# Need help quick!!!



## daaaaaan (Oct 27, 2004)

I just fed my P's and were watching them eat, then I notice there is about 4-5 of these little "worms" trying to swim around my tank.....my powerhead and filters provide way too much current for them and they just go in an endless cycle, but they are wigglin' their little hearts out trying to get out of the current and swim away......

What are these little things? Are they baby P's (my one P has looked quite fat the past couple of weeks, still is kinda) or are they some type of parasite, or what?
*
MOVIE*: http://www.twinsenland.com/vids/worm.avi (right click "save target as")

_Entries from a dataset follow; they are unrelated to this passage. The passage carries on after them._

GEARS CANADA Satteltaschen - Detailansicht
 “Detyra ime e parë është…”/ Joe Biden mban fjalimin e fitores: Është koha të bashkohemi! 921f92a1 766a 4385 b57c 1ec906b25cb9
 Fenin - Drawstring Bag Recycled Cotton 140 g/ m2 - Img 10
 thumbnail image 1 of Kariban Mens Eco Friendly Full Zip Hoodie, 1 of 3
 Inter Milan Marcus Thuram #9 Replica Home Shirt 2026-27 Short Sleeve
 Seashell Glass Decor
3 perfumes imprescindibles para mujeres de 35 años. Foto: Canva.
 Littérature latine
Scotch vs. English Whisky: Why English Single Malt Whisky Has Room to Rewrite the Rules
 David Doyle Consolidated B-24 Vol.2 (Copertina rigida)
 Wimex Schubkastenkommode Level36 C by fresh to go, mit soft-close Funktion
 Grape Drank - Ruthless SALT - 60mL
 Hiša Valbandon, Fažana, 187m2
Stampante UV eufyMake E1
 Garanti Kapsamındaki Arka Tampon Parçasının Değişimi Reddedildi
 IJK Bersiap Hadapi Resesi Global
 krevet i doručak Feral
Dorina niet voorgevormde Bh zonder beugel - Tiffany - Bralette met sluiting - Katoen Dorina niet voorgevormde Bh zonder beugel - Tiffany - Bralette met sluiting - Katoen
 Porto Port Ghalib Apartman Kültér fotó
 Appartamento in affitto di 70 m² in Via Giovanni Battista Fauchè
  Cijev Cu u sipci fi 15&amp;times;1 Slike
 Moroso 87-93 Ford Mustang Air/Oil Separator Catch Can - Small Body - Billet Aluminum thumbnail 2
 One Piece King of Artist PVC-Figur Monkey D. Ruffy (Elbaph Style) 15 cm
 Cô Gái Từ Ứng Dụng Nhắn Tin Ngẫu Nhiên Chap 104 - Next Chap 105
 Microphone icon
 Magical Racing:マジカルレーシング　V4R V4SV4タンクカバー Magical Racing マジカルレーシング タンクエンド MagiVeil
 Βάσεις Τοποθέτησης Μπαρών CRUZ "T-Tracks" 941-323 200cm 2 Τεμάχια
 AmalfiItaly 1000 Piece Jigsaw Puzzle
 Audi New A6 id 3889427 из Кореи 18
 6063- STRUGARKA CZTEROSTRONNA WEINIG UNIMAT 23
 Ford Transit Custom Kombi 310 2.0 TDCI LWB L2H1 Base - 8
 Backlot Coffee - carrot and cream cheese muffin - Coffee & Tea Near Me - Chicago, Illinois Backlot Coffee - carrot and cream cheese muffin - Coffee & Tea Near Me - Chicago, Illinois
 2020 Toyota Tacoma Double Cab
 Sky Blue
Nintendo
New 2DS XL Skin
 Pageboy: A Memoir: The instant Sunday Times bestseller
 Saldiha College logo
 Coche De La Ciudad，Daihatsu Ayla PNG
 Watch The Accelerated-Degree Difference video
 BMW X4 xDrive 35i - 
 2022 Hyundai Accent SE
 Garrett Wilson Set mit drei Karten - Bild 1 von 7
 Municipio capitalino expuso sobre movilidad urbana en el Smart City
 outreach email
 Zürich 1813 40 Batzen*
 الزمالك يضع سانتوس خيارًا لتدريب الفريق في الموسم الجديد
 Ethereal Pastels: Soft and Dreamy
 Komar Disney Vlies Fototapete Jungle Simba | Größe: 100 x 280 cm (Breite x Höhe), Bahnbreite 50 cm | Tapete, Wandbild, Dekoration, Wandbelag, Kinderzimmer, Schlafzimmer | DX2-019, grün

-you can see me following one of them, all the REALLY small white things are just air bubbles from the air pump......if you cant see what im trying to show you please tell me

Man I hope these arnt internal parasties









Edit: And for the past couple of days, 2 P's have been on one side of my tank, with the other one on the other side, dont know if it matters, but they never did this before. And no, I did not notice them swimming around in circles if they did lay eggs and these are baby P's....


----------



## mdmedicine (Dec 20, 2004)

I would turn off the power head at least for the moment...Lets see the movie clip.


----------



## CROSSHAIR223 (Jan 17, 2005)

Just get some goldfish and watch them eat those little dudes


----------



## daaaaaan (Oct 27, 2004)

http://www.twinsenland.com/vids/worm.avi

There, right click "save as"


----------



## daaaaaan (Oct 27, 2004)

anybody?


----------



## daaaaaan (Oct 27, 2004)

please help if you know what they are, i think they may be palaneria (sp?)


----------



## daaaaaan (Oct 27, 2004)

up


----------



## Sam (Mar 18, 2004)

After first reading your post I thought planeria for sure. 
But after seeing the vid...I don't know what that is...but it's not like any planeria I've ever seen.


----------



## daaaaaan (Oct 27, 2004)

hm, what is it then? Anybody help?


----------



## taylorhedrich (Mar 2, 2005)

daaaaaan said:


> hm, what is it then? Anybody help?
> [snapback]1124992[/snapback]​


Well, when I had little squiggly white worms in my 130 gallon tank that looked just like mosquito larvae, I threw some goldfish in the tank. That wiggling motion was irresistable to the goldfish. Of course though they were the only fish in the tank, so if you had piranha in the tank, my method wouldn't work.
~Taylor~


----------



## JD7.62 (Apr 7, 2005)

I had the same looking thing in my tank one time. I leave my windows open quite often so I figured it was just some insect larvae and my juvi (at the time) Ps loved to eat them!


----------



## GlassblowRBPown (Apr 4, 2005)

mosquito larvae. cant picture it bein anything else


----------



## taylorhedrich (Mar 2, 2005)

GlassblowRBPown said:


> mosquito larvae. cant picture it bein anything else
> [snapback]1127535[/snapback]​


There is no way mosquito larvae could get into the tank. It would have to be stagnant water for the mother to lay the eggs in, I'd think....
~Taylor~


----------